Esta “deformación” visual tiene injerencia directa en el reparto de presupuestos, y en la configuración de las políticas educativas y culturales. Lo que sucede en la “capital” puede ser nombrado como nacional; lo que acontece en otras latitudes está condenado al olvido o a ser referido como una nota al pie de la Historia con mayúsculas: breve resumen escrito apresuradamente. Generalización y determinación. En esa mirada geográfica, más allá del “centro” sólo habitan los “mochos”, los “reaccionarios”, los “conservadores” (a pesar de que todas las transformaciones políticas de alguna importancia han ocurrido “al interior” del país). No estoy descubriendo el Mediterráneo (otra frase ligada con la subjetividad geográfica, por cierto): la discusión es muy antigua, al menos parte desde los debates parlamentarios de 1824.
La discusión adquiere dimensiones mayores cuando el centralismo se fusiona con lo nacional y se convierte en una suerte de dispositivo de legitimación de saberes y creaciones. ¿Cuál es la distancia entre lo central y lo marginal? ¿Entre “lo capitalino” y “lo provinciano”? ¿Por cuál alambicado proceso un fenómeno cultural surgido en un espacio determinado puede ser visto como nacional o, en su defecto, como regional? El lugar de enunciación cumple, como podemos deducir, un rol fundamental: es un acto de habla que tiene la ventaja (o la desventaja) de ser performativo, de actuar y afectar políticas, metodologías, modelos de enseñanza y de difusión. Lo que en el “centro” es “experimentación” o “creación genuina” en otras latitudes es “imitación” o “afán extranjerizante”.
¿Cómo eliminar ese gesto, esa marca de lectura? Desmontar tal estructura puede ser un proceso largo y laborioso, pero necesario. Existe, por supuesto, el temor de que la descentralización lleve a la desintegración, a la “pérdida de identidad” y del control. En rigor, no se trata más que el miedo a la pérdida de ciertos privilegios y a la desconfianza en otras formas de representación. Esas suspicacias (que provienen de múltiples ámbitos: políticos, económicos, burocráticos, culturales) no dejan ver el panorama en toda su amplitud. No se trata de la simple separación sino de la reconfiguración de la manera en que entendemos y significamos a este territorio.
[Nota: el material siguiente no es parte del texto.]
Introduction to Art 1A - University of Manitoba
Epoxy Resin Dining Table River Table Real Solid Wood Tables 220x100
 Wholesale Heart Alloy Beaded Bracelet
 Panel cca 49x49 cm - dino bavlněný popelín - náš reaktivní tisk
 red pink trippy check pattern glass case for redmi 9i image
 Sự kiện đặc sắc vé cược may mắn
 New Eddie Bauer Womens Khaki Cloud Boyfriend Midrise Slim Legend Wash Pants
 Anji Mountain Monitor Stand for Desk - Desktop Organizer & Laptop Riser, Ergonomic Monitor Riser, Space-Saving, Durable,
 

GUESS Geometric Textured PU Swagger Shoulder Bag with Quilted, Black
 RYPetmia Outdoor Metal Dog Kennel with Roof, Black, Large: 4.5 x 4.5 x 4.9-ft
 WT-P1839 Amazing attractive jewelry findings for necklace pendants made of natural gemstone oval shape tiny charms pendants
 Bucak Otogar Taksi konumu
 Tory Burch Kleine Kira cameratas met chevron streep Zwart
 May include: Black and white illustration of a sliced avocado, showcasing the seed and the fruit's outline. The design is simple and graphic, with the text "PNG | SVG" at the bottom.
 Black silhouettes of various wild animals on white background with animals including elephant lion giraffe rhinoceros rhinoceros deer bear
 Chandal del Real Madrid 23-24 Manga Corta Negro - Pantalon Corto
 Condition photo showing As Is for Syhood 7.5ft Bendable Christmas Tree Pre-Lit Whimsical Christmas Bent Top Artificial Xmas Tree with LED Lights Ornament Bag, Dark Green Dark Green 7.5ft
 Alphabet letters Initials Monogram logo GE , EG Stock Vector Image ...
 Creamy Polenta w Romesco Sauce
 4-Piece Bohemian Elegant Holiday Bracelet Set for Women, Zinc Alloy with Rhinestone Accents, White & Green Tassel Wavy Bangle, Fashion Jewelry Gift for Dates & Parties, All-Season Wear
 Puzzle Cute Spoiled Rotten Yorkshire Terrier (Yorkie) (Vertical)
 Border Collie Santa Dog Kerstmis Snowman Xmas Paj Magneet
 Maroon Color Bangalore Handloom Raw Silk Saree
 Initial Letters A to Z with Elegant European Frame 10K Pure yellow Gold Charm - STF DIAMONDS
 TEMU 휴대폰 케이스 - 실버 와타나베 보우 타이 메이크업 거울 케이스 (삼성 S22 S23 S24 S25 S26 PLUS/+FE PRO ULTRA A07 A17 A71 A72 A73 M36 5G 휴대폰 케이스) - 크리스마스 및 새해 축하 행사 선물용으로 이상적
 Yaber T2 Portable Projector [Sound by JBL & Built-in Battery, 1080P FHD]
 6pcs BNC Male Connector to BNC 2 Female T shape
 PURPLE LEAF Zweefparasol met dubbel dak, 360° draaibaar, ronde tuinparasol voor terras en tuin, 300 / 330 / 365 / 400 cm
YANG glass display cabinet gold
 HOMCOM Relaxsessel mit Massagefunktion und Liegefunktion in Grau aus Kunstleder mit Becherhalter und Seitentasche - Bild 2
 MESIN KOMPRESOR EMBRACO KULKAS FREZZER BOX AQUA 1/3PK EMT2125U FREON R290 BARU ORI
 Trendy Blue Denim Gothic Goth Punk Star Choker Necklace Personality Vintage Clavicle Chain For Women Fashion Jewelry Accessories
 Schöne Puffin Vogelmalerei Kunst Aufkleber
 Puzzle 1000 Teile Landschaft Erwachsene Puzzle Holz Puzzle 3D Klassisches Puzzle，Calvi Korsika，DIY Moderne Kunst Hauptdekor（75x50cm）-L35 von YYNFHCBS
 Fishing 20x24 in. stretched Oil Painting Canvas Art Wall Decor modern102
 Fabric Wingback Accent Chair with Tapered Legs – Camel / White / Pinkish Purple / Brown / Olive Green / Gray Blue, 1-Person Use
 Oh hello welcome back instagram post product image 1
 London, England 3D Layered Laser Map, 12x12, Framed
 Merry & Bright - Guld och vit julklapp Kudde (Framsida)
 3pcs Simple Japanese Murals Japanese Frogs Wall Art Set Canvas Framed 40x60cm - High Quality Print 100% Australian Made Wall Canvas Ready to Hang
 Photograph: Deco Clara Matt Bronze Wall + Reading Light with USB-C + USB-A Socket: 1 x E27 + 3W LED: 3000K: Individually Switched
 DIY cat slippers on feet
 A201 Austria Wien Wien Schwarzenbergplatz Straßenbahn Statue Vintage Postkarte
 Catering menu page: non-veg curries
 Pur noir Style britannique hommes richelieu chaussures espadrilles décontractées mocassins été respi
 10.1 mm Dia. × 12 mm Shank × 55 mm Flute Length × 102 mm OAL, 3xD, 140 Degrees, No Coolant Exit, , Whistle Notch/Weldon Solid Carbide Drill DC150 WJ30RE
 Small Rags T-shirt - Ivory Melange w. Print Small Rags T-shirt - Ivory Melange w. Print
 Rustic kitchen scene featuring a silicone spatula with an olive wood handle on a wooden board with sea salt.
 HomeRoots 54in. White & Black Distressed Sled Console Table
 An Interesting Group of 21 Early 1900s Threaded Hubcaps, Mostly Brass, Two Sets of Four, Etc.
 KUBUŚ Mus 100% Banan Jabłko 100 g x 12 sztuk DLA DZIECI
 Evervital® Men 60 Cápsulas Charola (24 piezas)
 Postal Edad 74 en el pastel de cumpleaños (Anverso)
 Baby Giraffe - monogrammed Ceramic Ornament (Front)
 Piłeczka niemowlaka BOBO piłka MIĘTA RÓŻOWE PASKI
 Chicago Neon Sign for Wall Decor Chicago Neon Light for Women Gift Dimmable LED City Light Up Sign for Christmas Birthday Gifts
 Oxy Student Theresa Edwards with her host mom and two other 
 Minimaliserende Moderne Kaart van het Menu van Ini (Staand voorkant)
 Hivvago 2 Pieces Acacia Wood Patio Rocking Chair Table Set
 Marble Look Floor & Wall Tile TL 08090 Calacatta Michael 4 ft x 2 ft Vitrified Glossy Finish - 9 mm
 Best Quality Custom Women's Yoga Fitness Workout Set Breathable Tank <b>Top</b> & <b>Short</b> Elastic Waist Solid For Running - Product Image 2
No sólo hacer visible la condición heterogénea de este país, sino deconstruir las formas de ordenamiento y difusión (y también, por supuesto, de enseñanza).
En pocas palabras: desorientarnos un poco y aprender a andar de manera descentrada, sabiendo que no habitamos el centro de universo, pero que tenemos la posibilidad de resignificar nuestro espacio en pos de una convivencia mucho más democrática.